Gemeenten en zorginstellingen hebben bij de transitie van de langdurende zorg vooral ingezet op continuïteit van zorg. De verantwoording van de uitgaven in de Wmo en Jeugdzorg hobbelt erachteraan. Het gaat om ruim zeven miljard euro. De afspraken die in contracten zijn vastgelegd, blijken te leiden tot problemen bij de rechtmatigheid van de uitgaven. In theorie is het vrij simpel. De gemeente wil inzicht in de uitgaven en de zorgaanbieder wil inzicht in de opbrengsten. Als de gemeenten de kosten goedkeurt, is de zorgaanbieder ook meteen klaar, want de uitgaven van de gemeenten vormen de omzet van de zorgaanbieder.
Contracten te complex
De beroepsorganisatie van accountants constateert echter dat de afspraken tussen gemeenten en zorgaanbieders vaak te complex zijn en dat de informatie-uitwisseling traag gaat. Om vast te stellen of de gedeclareerde zorg terecht is geleverd, hebben gemeenten gegevens nodig over individuele cliënten, de aard van de geleverde zorg en de naleving van contractuele verplichtingen. Als gemeenten en zorgaanbieders vasthouden aan hun oorspronkelijke afspraken, dan wordt het niets met de goedkeuring van de jaarverslagen, schrijft de beroepsorganisatie van accountants NBA in een brief aan alle gemeenten en zorgaanbieders. Er zijn te veel verschillende contracten. Dan zijn ze nooit op tijd klaar. ‘Met name voor zorgaanbieders kan dit gevolgen hebben voor hun bankfinanciering.’
NBA pleit voor afrekenscenario
De NBA pleit voor pragmatisme bij gemeenten en zorgaanbieders. Ze roept op de verantwoording te doen volgens het zogeheten ‘afrekenscenario’. De Vereniging Nederlandse Gemeenten heeft deze variant al op 21 december in een ledenbrief aanbevolen bij gemeenten. De gemeente kan de productieverantwoording van de zorgaanbieders verifiëren aan de hand van de uitgewisselde informatie en de eigen cliëntenbasisregistratie. Als er onvoldoende duidelijkheid is, kan een aanvullende verantwoording plaatsvinden volgens een speciaal protocol: de financiële productieverantwoording en het Algemene Accountantsprotocol van IZA. Dit protocol richt zich op het recht op zorg, de omvang van de zorg, de levering van de zorg en het voldoen aan declaratievereisten.

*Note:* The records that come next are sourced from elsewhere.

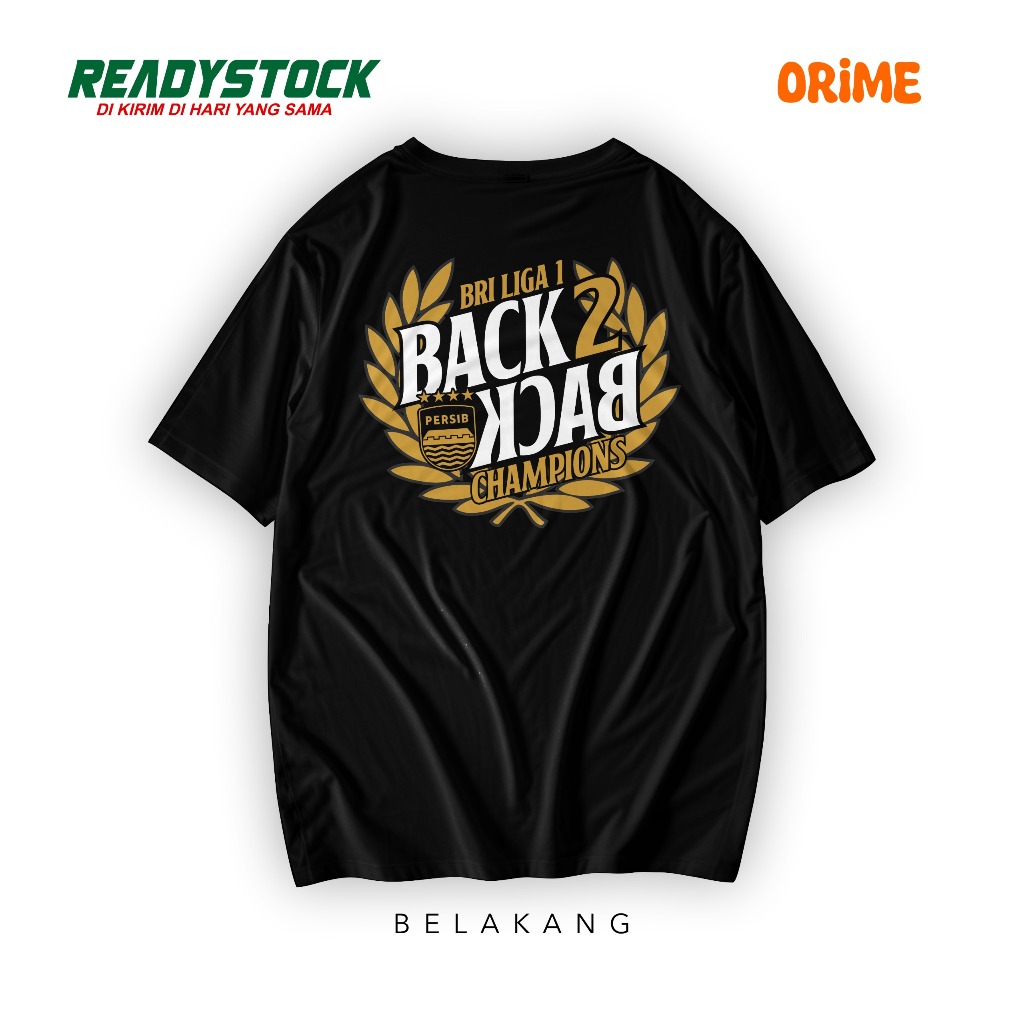 {ORIME} Kaos Back 2 Back Persib Champions|KaosPersibBandung|KaosDistroCowo|KaosPria|KaosDistroOri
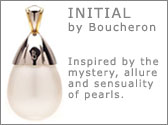 Initial by Boucheron. Inspired by the mystery, allure and sensuality of pearls.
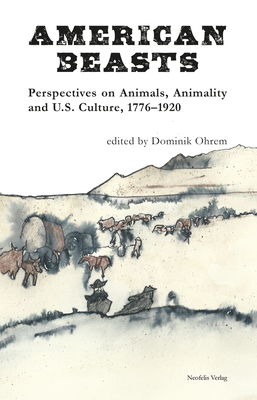 American Beasts: Perspectives on Animals, Animality and U.S. Culture, 1776-1920 - Ohrem, Dominik (Editor)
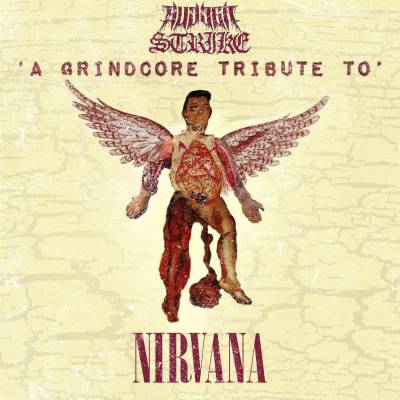 Compilation - A Grindcore Tribute To Nirvana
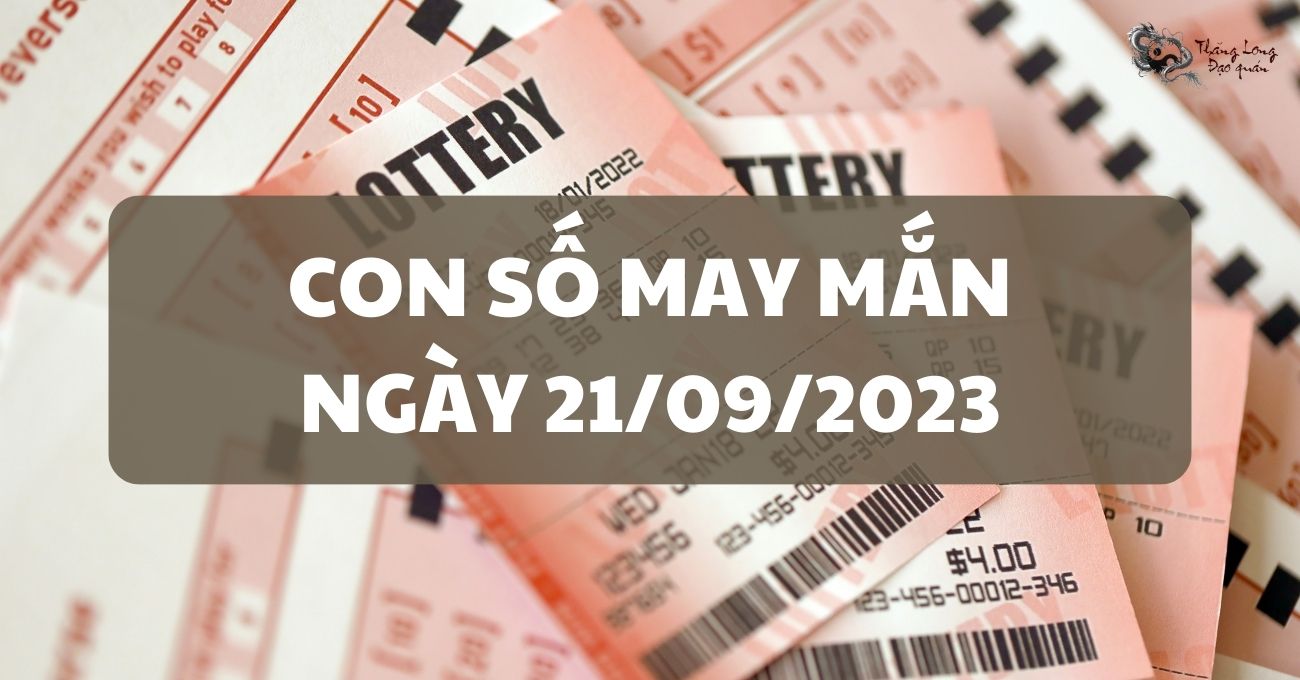Hé lộ con số may mắn ngày 21/9/2023
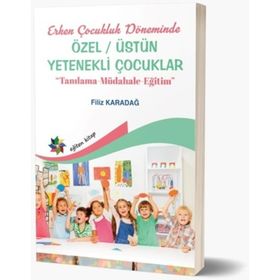 Erken Çocukluk Döneminde Özel / Üstün Yetenekli Çocuklar - Filiz Karadağ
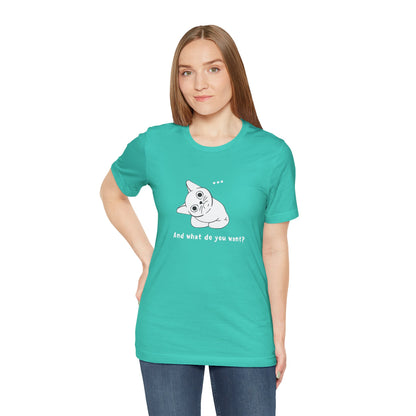 Vexing Cat Wondering What You Want. Unisex Jersey Short Sleeve Tee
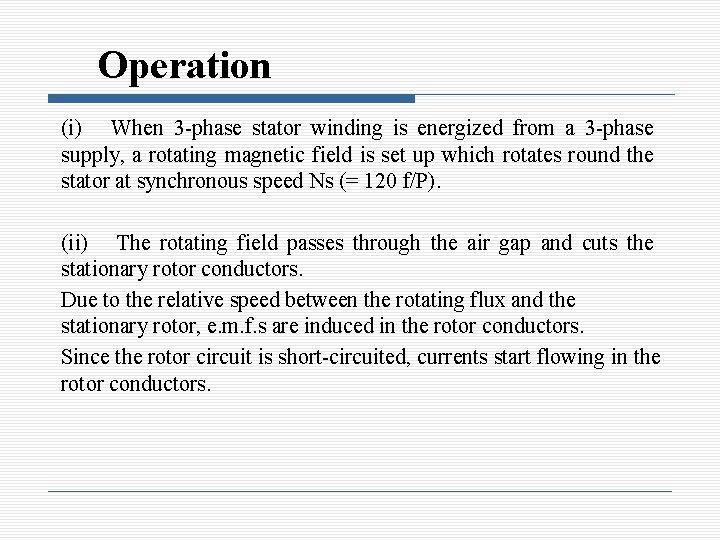 Operation (i) When 3 -phase stator winding is energized from a 3 -phase supply,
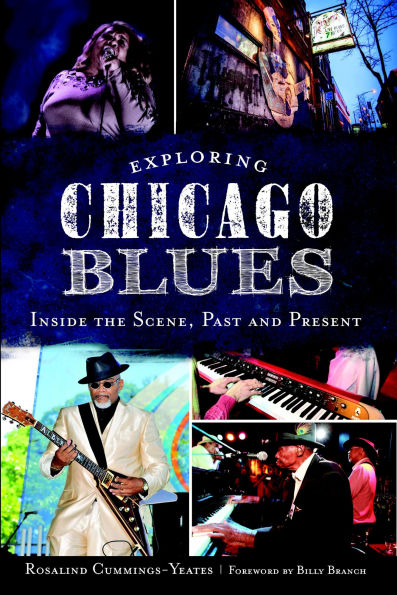 Exploring Chicago Blues: Inside the Scene, Past and Present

In de meeste gevallen zal er volgens de NBA op deze manier voldoende zekerheid over de omzet van zorgaanbieders bestaan.
Onregelmatigheden
Maar Mike Tagage van BDO ziet een risico in deze werkwijze. ‘Het zal erg veel werk met zich meebrengen om afrekenafspraken te maken tussen de individuele instellingen en soms vele gemeenten. Vanwege de hoge tijdsdruk loopt men bovendien het risico dat achteraf toch veel onvolkomenheden naar voren komen waar later discussie over kan ontstaan, zoals in andere sectoren. Mocht echter toch voor een afrekenscenario worden gekozen, dan zou dit ook moeten leiden tot daadwerkelijke zekerheid dat achteraf geen naheffingen meer mogelijk zijn. Overigens is ook bij het Algemene Accountantsprotocol van IZA een kanttekening te plaatsen omdat het voor individuele gemeenten beperkt zekerheid geeft. Het geeft de gemeenten geen zekerheid over de kosten per gemeente, waardoor het mogelijk ook de zorginstelling te weinig zekerheid geeft. BDO adviseert om meer tijd te nemen voor het verantwoordingsproces en gedegen controles uit te laten voeren.’